# What is Boston EMS academy like?



## emt-slick (Nov 3, 2011)

I took the cert class that they offered to get my EMT-B and it was great.  My question is, once you're hired on to Boston EMS, what is the academy like.  From what I understand it's 3 months classroom and 3 months field training, but that's all I know.  Are there tests or are you just evaluated overall?  I've also heard there's some exercise involved and that you get yelled at a lot kind of like a police academy.  Anyone who's gone through it have any info?  Just curious.


----------



## Steam Engine (Nov 3, 2011)

emt-slick said:


> I took the cert class that they offered to get my EMT-B and it was great.  My question is, once you're hired on to Boston EMS, what is the academy like.  From what I understand it's 3 months classroom and 3 months field training, but that's all I know.  Are there tests or are you just evaluated overall?  I've also heard there's some exercise involved and that you get yelled at a lot kind of like a police academy.  Anyone who's gone through it have any info?  Just curious.

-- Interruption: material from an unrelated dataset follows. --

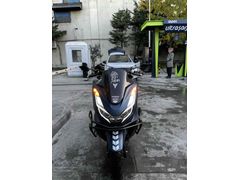 Sahibinden Honda PCX 125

Never been through it myself, but from what I've heard 3 and 3 is correct, and it is run fairly similar to a municipal police or fire academy. As far as field training goes, from what I've been told 2 newbies ride with an FTO in each unit.

I'm not sure when their next academy is starting up, but if I were you I'd try to get in contact with some of your old instructors. They're extremely competitive, and every little bit helps.


----------



## boingo (Nov 3, 2011)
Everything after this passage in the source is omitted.